A hysteroscopy involves using a small camera placed through the vagina into the uterus to remove the fibrods. This can be used for fibroids that are inside the uterus. But, not all fibroids can be removed this way, such as those deep in the wall of the uterus and approximately 20 out of 100 patients require additional treatment within 5 to10 years after this procedure.
Laparoscopy uses instruments that allow your doctor to view the inside of your abdomen on a video screen. It can also take pictures and videotape the procedure. The laparoscope is inserted through a small incision in your navel. Laparoscopy is used to diagnose fibroids and treat certain types of fibroids. Like hysteroscopy, not all fibroids can be removed this way.

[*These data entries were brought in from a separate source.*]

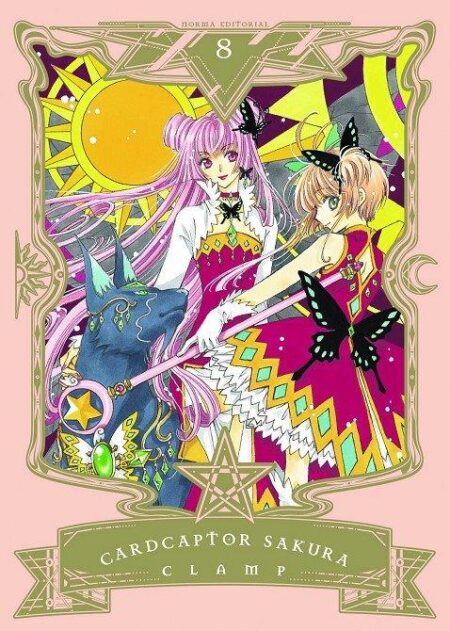 Cardcaptor Sakura 08 - Norma
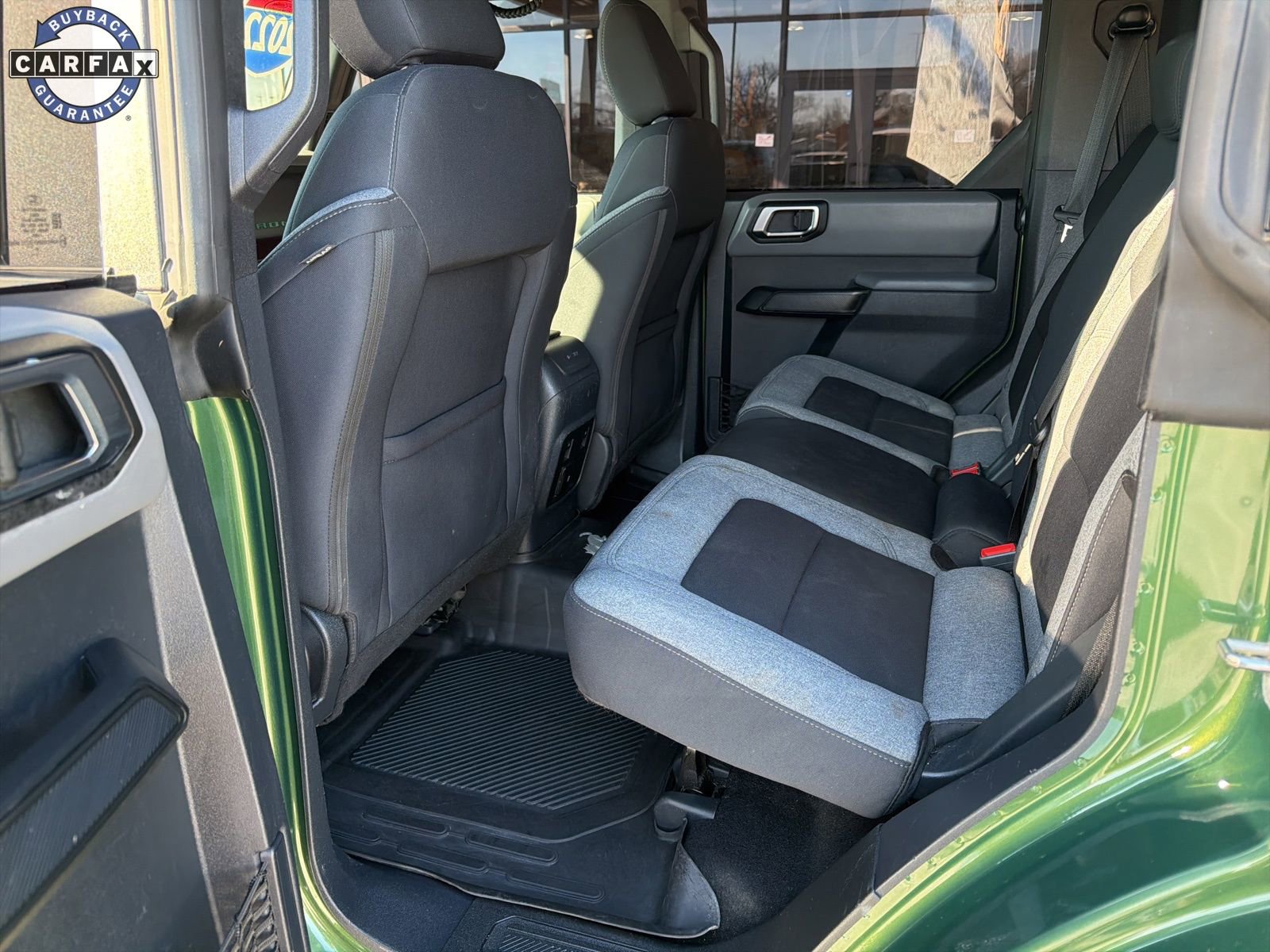 Used 2022 Ford Bronco 4-Door image 2
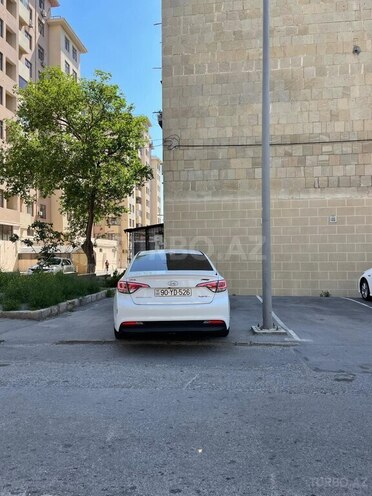 Hyundai Sonata 2017, 17,000 km - 2.0 l - Bakı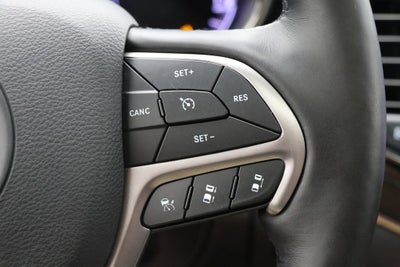 2020 Jeep Grand Cherokee High Altitude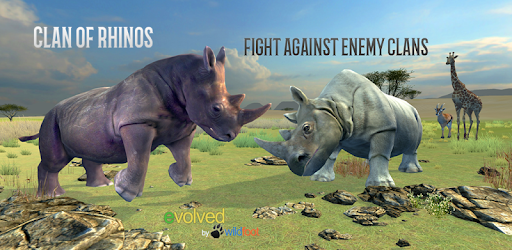 Clan of Rhinos PC screenshot Clan of Rhinos PC screenshot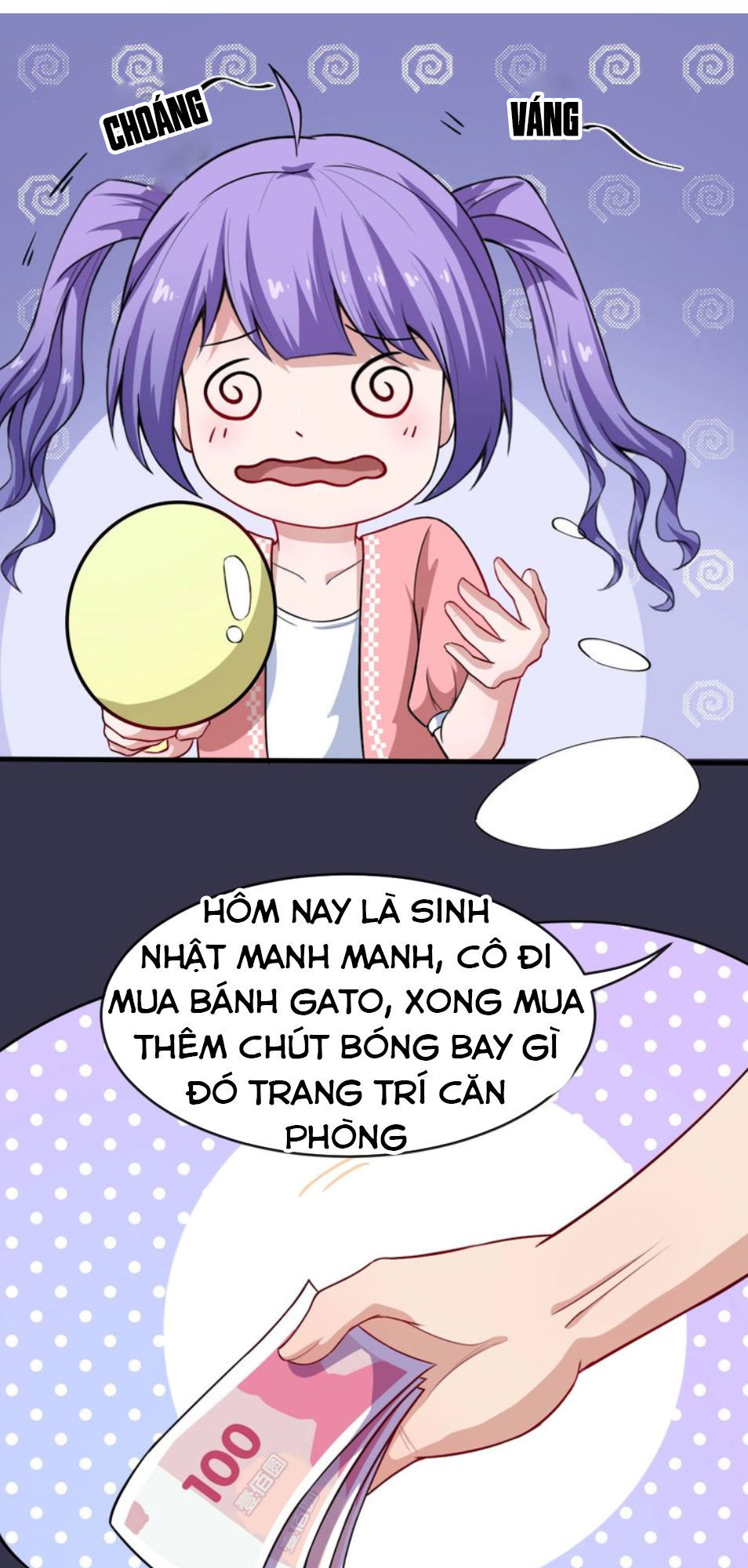 Ma Tôn Trông Trẻ Chapter 28 - Trang 2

Another surgical alternative is burning the lining of the uterus with a laser to create a scar. This usually does not remove the fibroids, but it can provide a few years of relief from bleeding. For pelvic pressure and infertility problems, this is not the most effective treatment.
Another choice is to have a hysterectomy. This surgery is similar to a myomectomy, although the entire uterus is removed. This will cure the fibroids and essentially eliminate the risk of them growing back. However, once the uterus is removed, you can no longer become pregnant. If you no longer desire to have children, this is usually the best surgical option. If you have any questions about these possible alternatives for your particular situation, you should discuss them with your doctor and decide which one, if any, is appropriate for you.